(Caption-style text data)

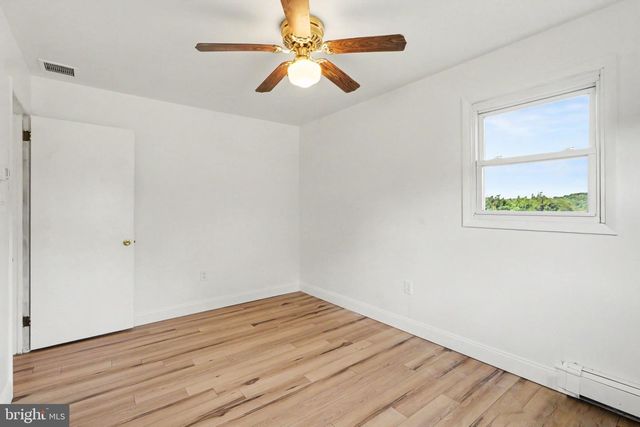 3012 SCHOOLHOUSE RD, Middletown, PA 17057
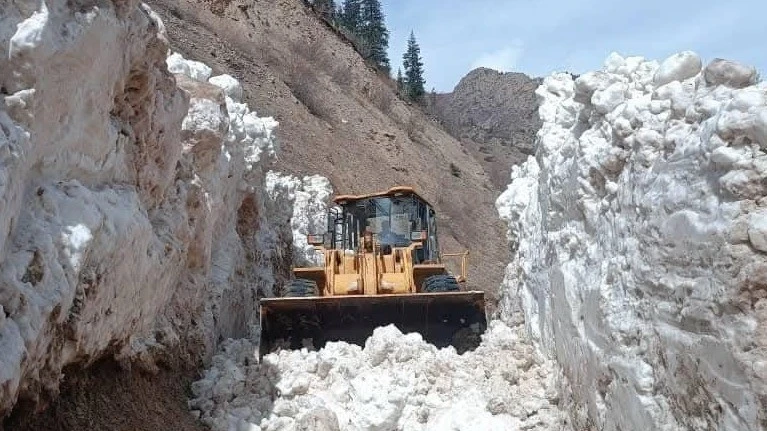 Лавина коркунучу Өзбекстандын алты аймагындагы тоо аймактарында жарыяланды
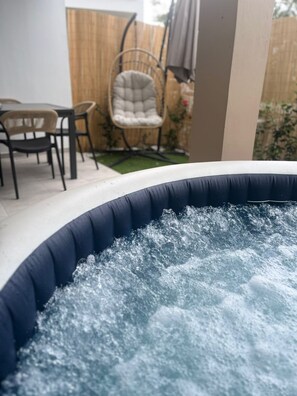 Outdoor dining - Apartment Bambou Lodge + Jacuzzi, 8min from the beach (Sainte-Anne)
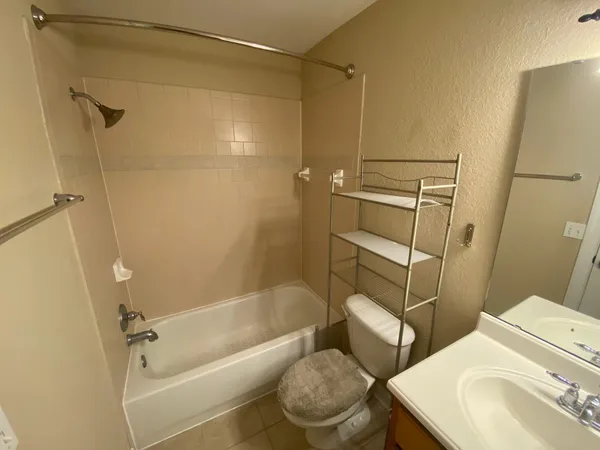 $1,450 | 1930 Honolulu Lane, Tallahassee, FL 32304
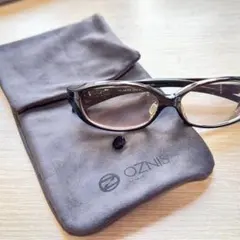 Item thumbnail for item ca103af9-342a-4610-8396-f9a56a1283e2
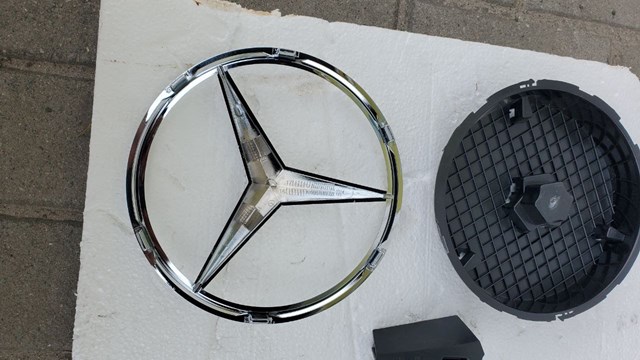 A0008176007 Mercedes Емблема решітки радіатора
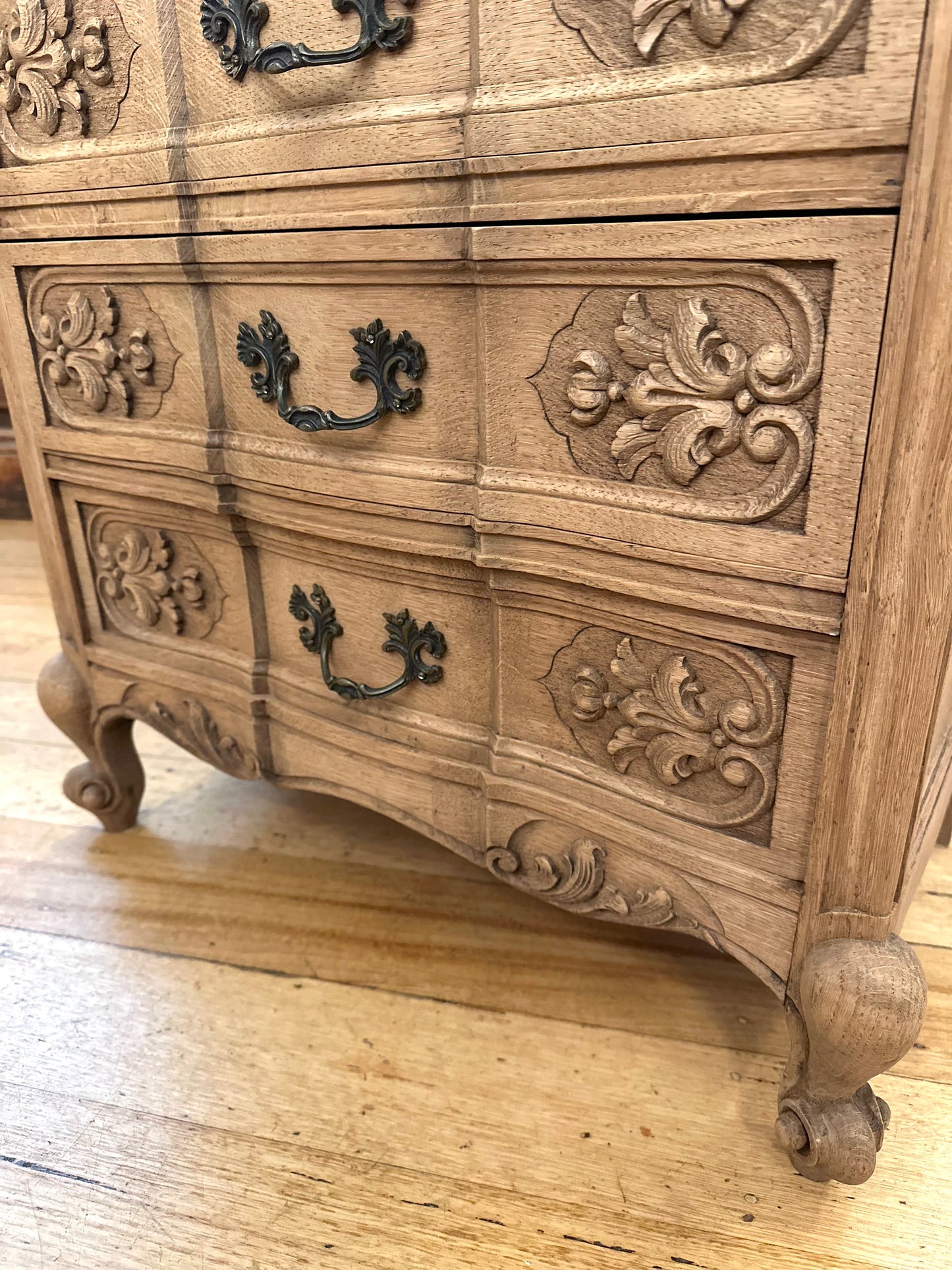 Antique French Oak 4 Drawer Commode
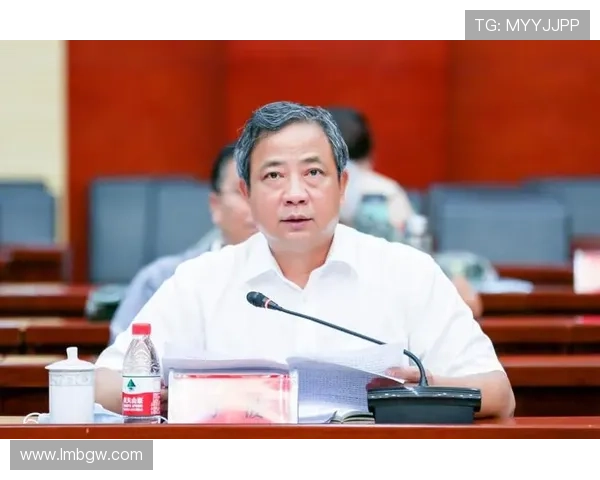 拼搏铸就辉煌人生不畏艰难勇攀事业巅峰的奋斗之路 拼搏铸就辉煌人生不畏艰难勇攀事业巅峰的奋斗之路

What to do — Each record is to be written out exactly. No picture goes in.

Exercise solution —
 3012 SCHOOLHOUSE RD, Middletown, PA 17057
 Лавина коркунучу Өзбекстандын алты аймагындагы тоо аймактарында жарыяланды
 Outdoor dining - Apartment Bambou Lodge + Jacuzzi, 8min from the beach (Sainte-Anne)
 $1,450 | 1930 Honolulu Lane, Tallahassee, FL 32304
 Item thumbnail for item ca103af9-342a-4610-8396-f9a56a1283e2
 A0008176007 Mercedes Емблема решітки радіатора
 Antique French Oak 4 Drawer Commode
 拼搏铸就辉煌人生不畏艰难勇攀事业巅峰的奋斗之路 拼搏铸就辉煌人生不畏艰难勇攀事业巅峰的奋斗之路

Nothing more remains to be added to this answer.